The secret federal court that approves orders for conducting surveillance on suspected foreign terrorists or spies issued a strong and highly unusual public rebuke to the FBI on Tuesday, ordering the agency to say how it intends to correct the errors revealed last week by a Justice Department report on one aspect of the FBI's investigation of Donald Trump's 2016 campaign.
Justice Department Inspector General Michael Horowitz said the FBI made serious and repeated mistakes in seeking under the Foreign Intelligence Surveillance Act, or FISA, to conduct surveillance of Carter Page, a former Trump campaign adviser.
The FBI's submission to the court made assertions that were "inaccurate, incomplete, or unsupported by appropriate documentation," the report said.

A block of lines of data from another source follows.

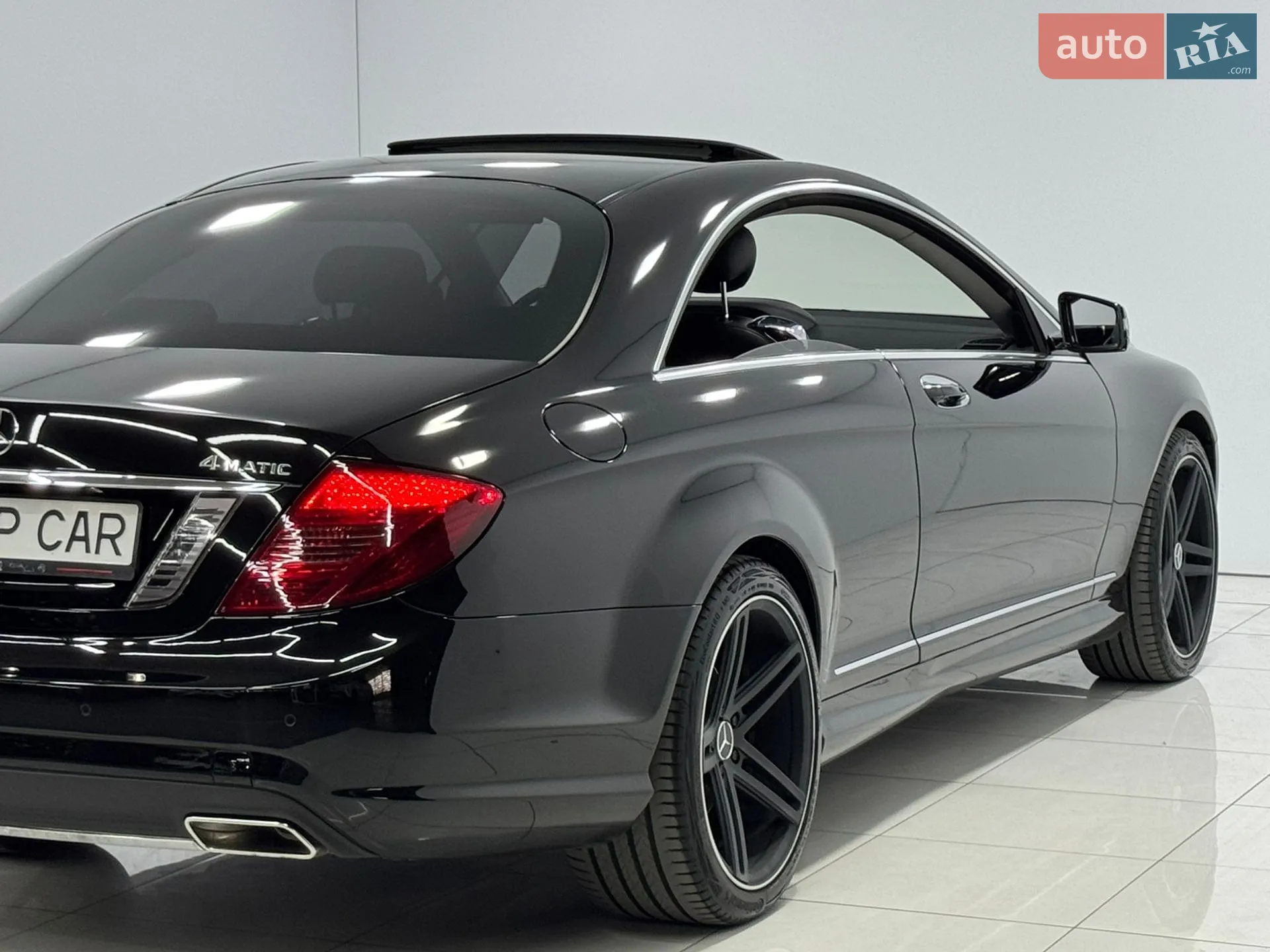 2012 Mercedes-Benz CL-klasse - мініатюра 22
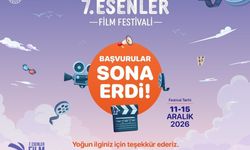 Esenler Film Festivali başvuruları sona erdi: 400 bin TL ödül ve gösterim telifi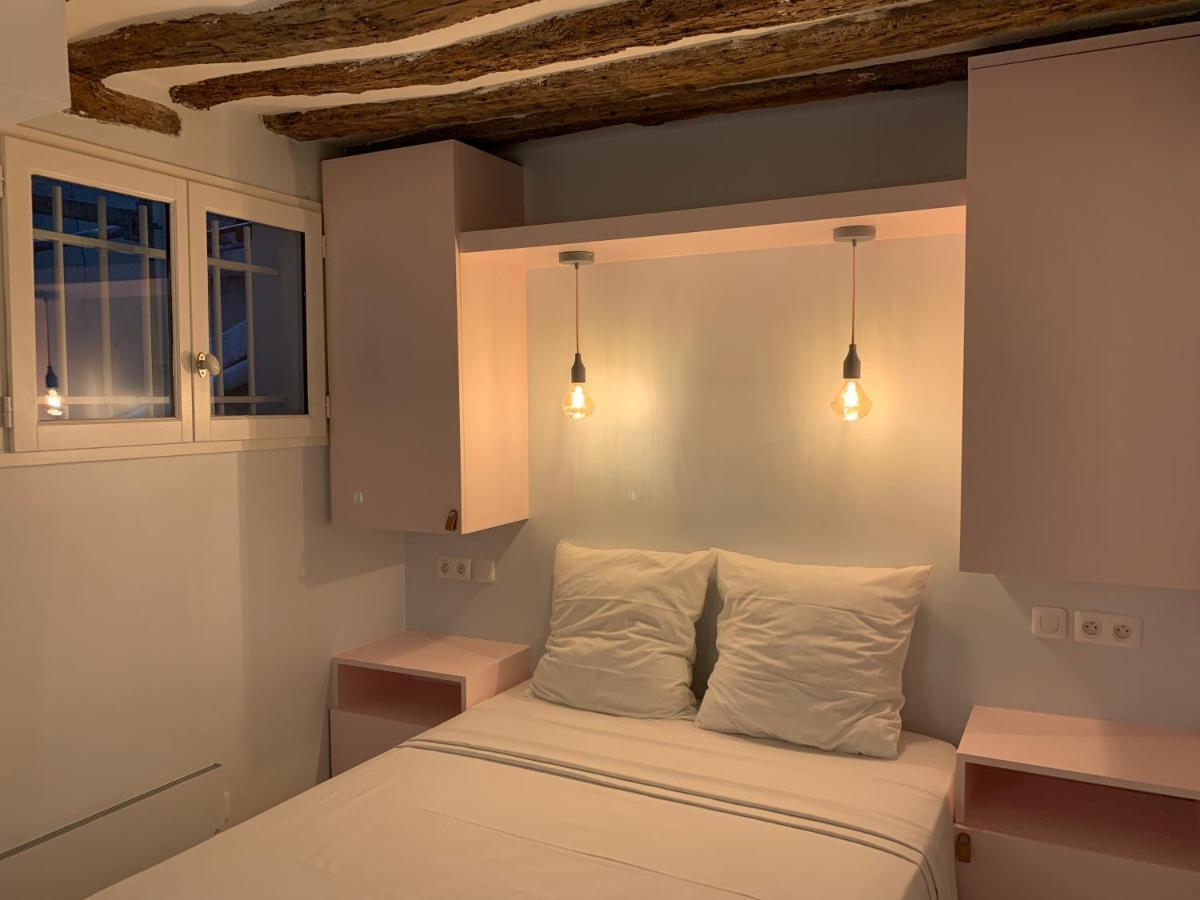 Apartmán Paris 6 Saint Germain Seine Exteriér fotografie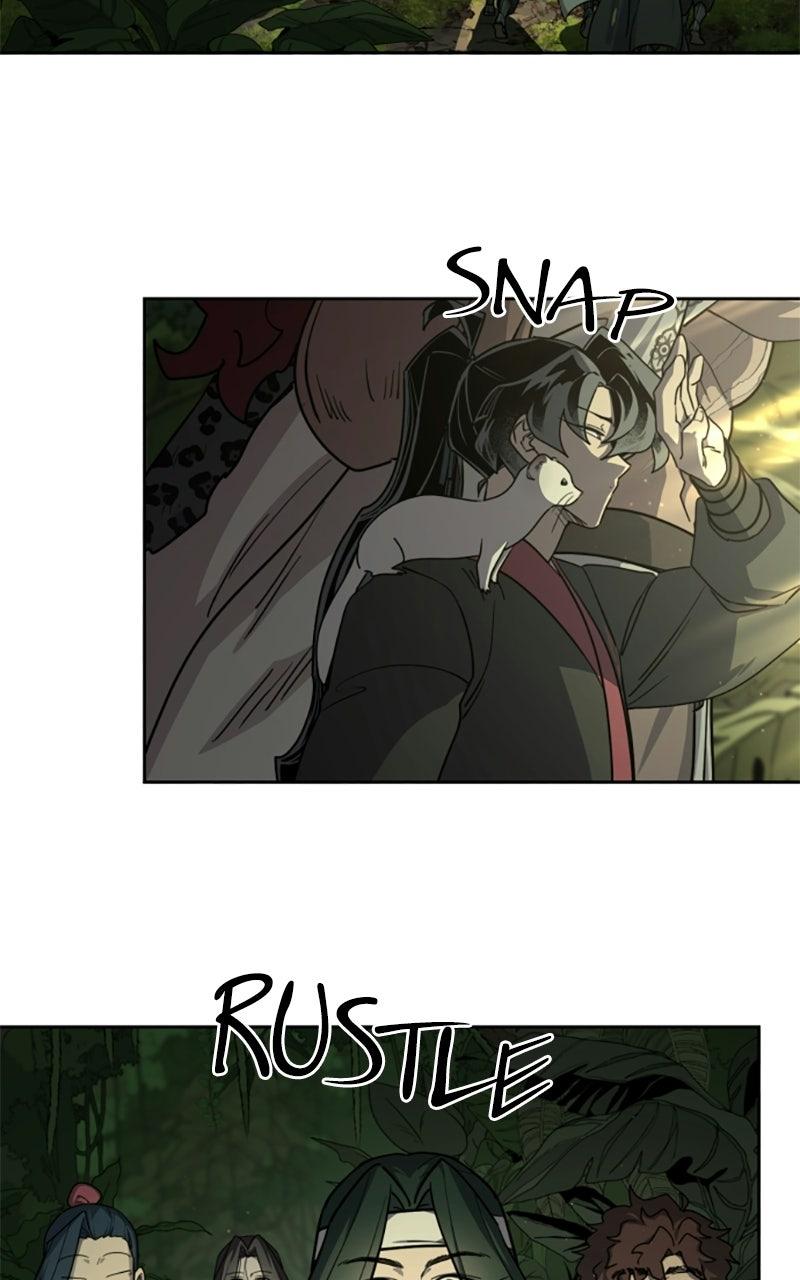 Return of the Blossoming Blade Chapter 160 — page 101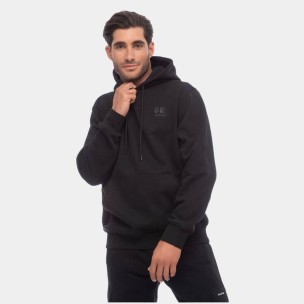Ανδρικό Φούτερ με κουκούλα Be:Nation Logo Hoodie Black 06302502-01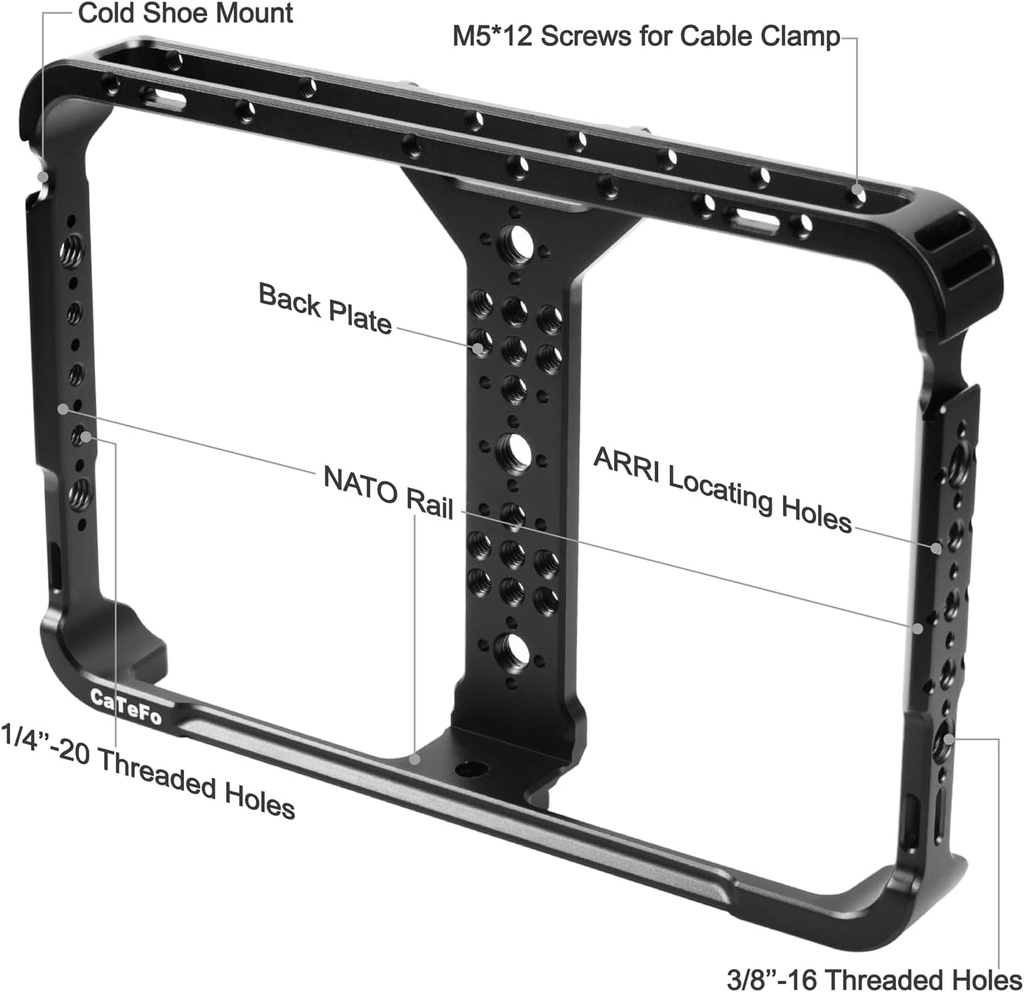 Jaula Yolobox Ultra Catefo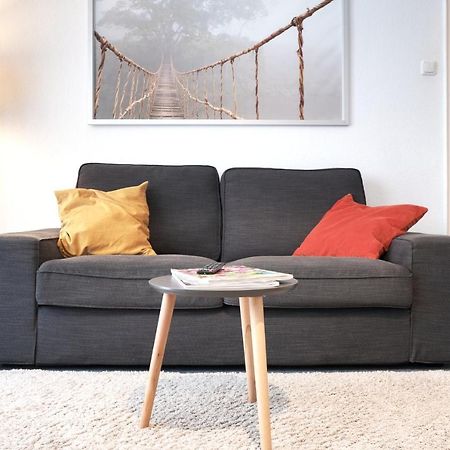 Ferienwohnung Speldorf Mülheim an der Ruhr Buitenkant foto
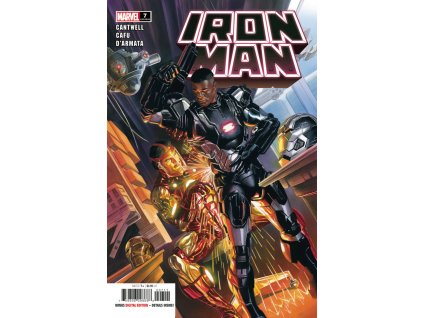Iron Man #631 (7)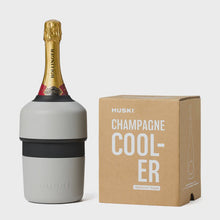 Load image into Gallery viewer, Huski Champagne Cooler - Stone Grey
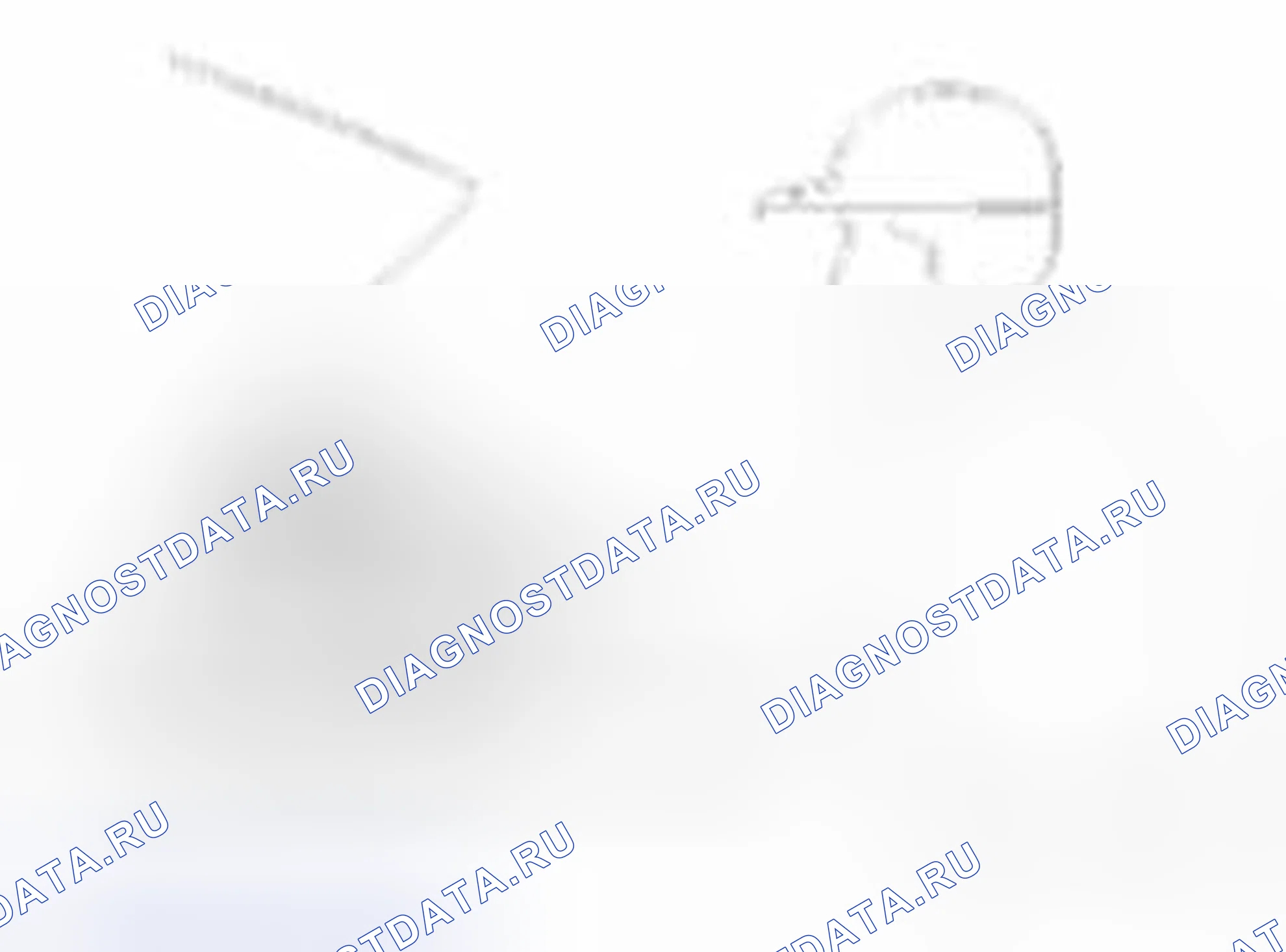 Рис. 8: Демонтаж деталей. Hyundai Veracruz I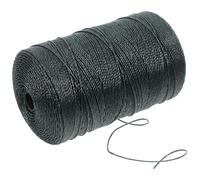 MOBUTOFU Spago Nylon Multiuso per Riparare Reti Pesca, Corda in Nylon Intrecciata a Bassa Memoria per Reti da Pesca e Attività All'aperto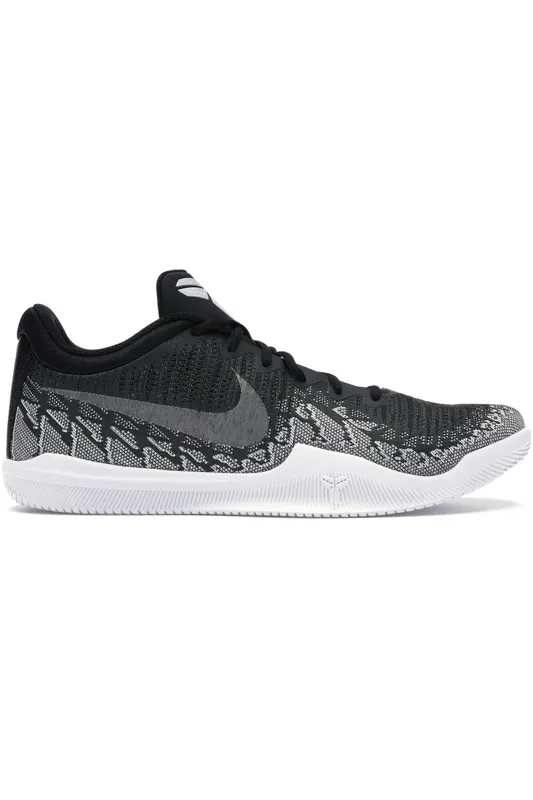 Nike Mamba Rage Anthracite (908972-001)
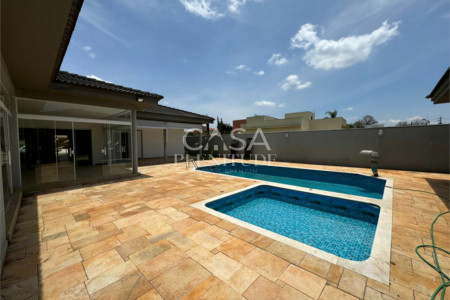 Casa em condomínio para alugar com 4 suítes em Residencial Village Ipanema I, Araçoiaba da Serra, SP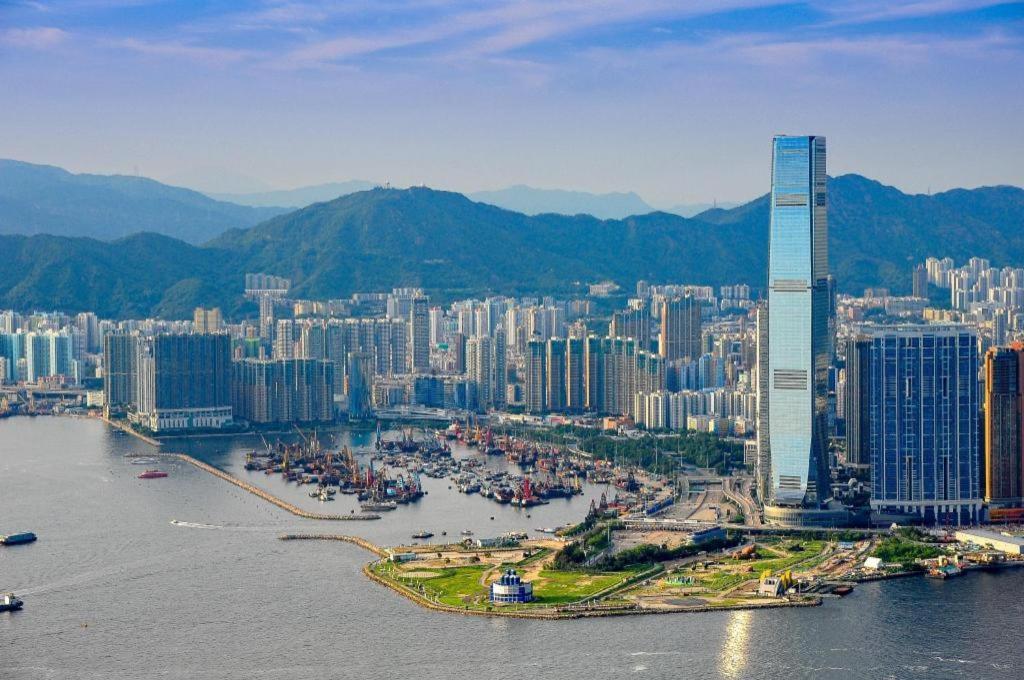 Kabayan Hostel Hongkong Exteriör bild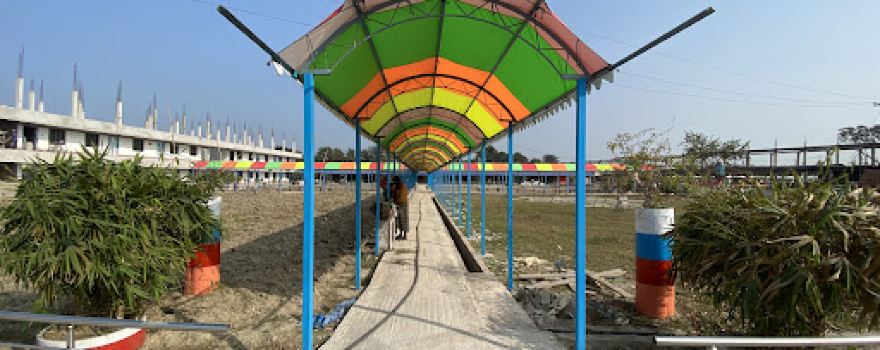 Alauddin Ahmed Shikkhapalli Park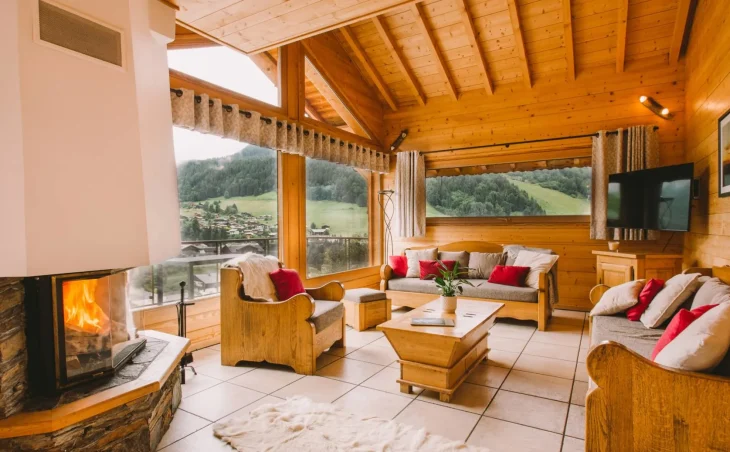 Chalet Plan des Pierrys – Summer - 15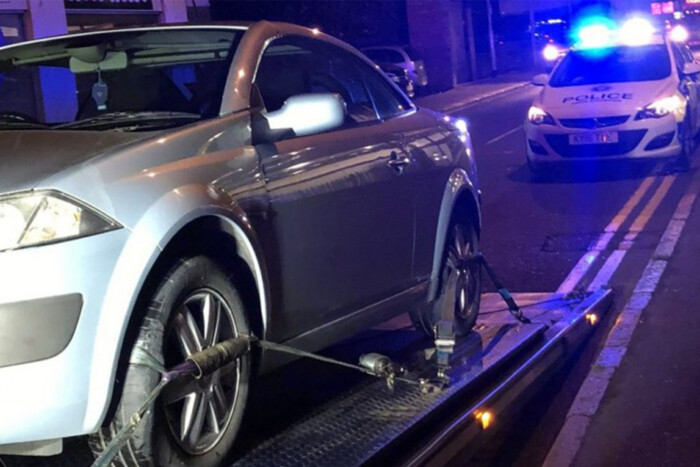 Nem csupán Ausztriában foglalhatják le az autód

Rosemary Collyer, presiding judge on the Foreign Intelligence Surveillance Court, said in the unusual public order that the report "calls into question whether information contained in other FBI applications is reliable." She ordered the FBI to explain in writing by Jan. 10 how it intends to remedy those problems.
Document here: https://www.scribd.com/document/440156909/Fisa-Court-to-FBI
(Score: 1) by khallow on Wednesday December 18 2019, @06:52PM
And that VERY good reason was? They never did pin anything on Carter Page, the pretext for starting this surveillance, and much of the existing indictments would happen anyway (Manafort, for example) since the investigations started elsewhere and were merely taken over by Mueller.
Now, that power to start surveillance of political rivals with very flimsy pretext rests in the hands of Trump. Better think about what that means.